With regard to the proposed architectures, in general, the results show that the N-encoder architecture is not an effective strategy for factored NMT, at least the way we have implemented and used it, because the obtained translations are worse than the ones obtained with the single-encoder architecture (and even the baseline), while being more complex. It seems to be more prone to overfitting because features, which are not providing that much information, instead of having just an embedding layer have multiple self-attention layers. Moreover, we suspect that having a different encoder for each factor seems to produce disentangled representations and the decoder struggles at combining the different sources. This seems to be the reason why concatenation performs better than summation in the case of the multiple-encoder architecture, because with the former at least the decoder can learn to ignore or treat differently different parts of the factored sequence. In the case of the single-encoder architecture, summing seems to work better because it produces a more compact factored embedding and it allows the decoder embedding size not to be doubled (if there are two source factors), preventing overfitting.
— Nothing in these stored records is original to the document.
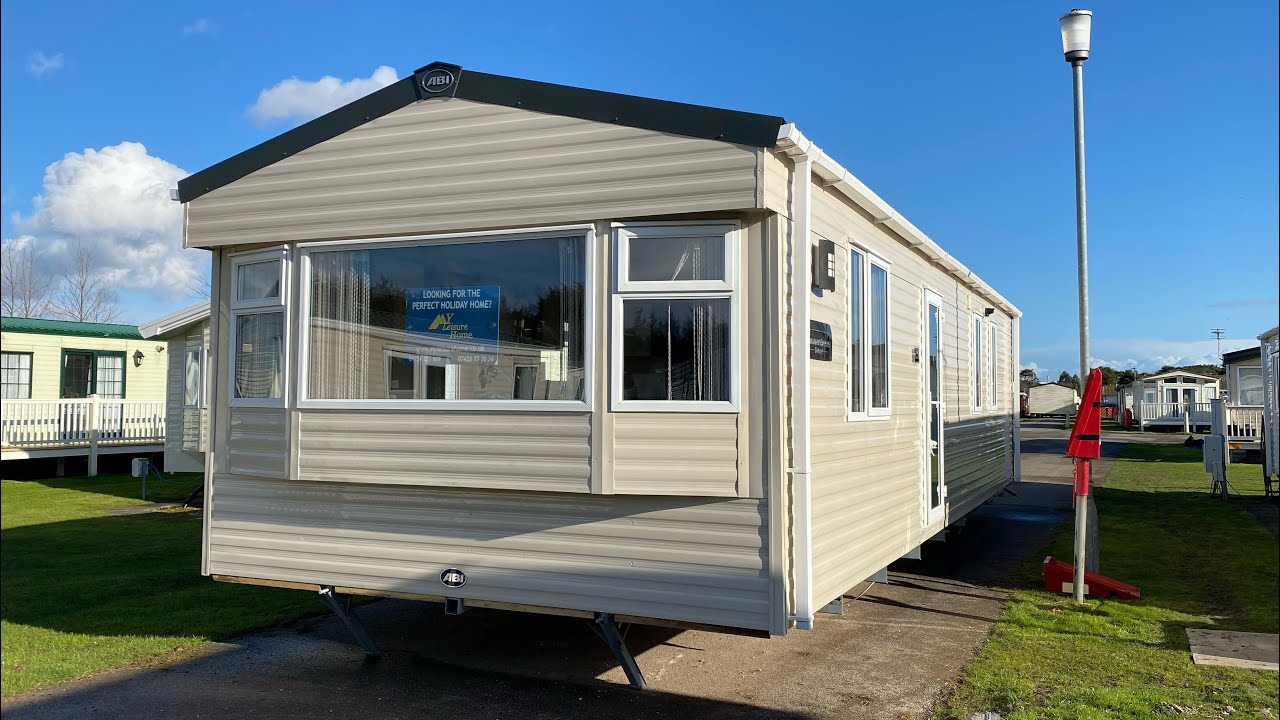 ABI SUMMER BREEZE 36 x 12 CH/DG модель 2018 года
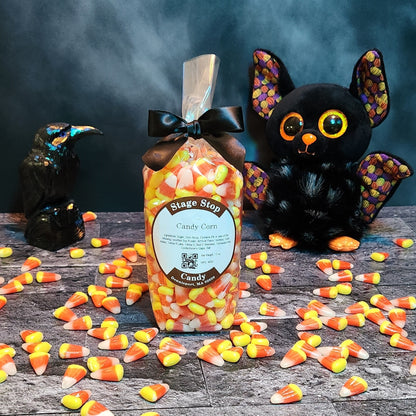 Get ready for Halloween with this classic candy corn bag featuring 12 oz of sweet nostalgia in every pack.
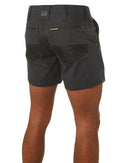 Flex and Move Short Shorts - Charcoal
As far as the used features are concerned, we hypothesize that lemmas outperform synsets because of Babelnet. When tagging, a big proportion of the tokens do not get a synset (as detailed before, in this case we apply a backup linguistic feature, namely part-of-speech). Instead, all words can be tagged with lemmas (even if tagging is not perfect and can give wrong lemmas in some cases). In addition, the use of semantic features (BabelNet) was intended to help at disambiguating, but some recent papers have shown that the Transformer is already good at disambiguating (Tang et al. 2018). Instead, lemmas can help by providing the normalized term of a given word that may be very infrequent in the training corpus (but its respective lemma might be frequent enough).

In future work, we suggest adapting the alignment algorithm to sentencepiece by combining features coming from different words into a single feature, provided their respective subwords have been merged into a single token. In addition, whether the advantage provided by linguistic features still holds once backtranslation has been applied and up to what point this holds should be investigated.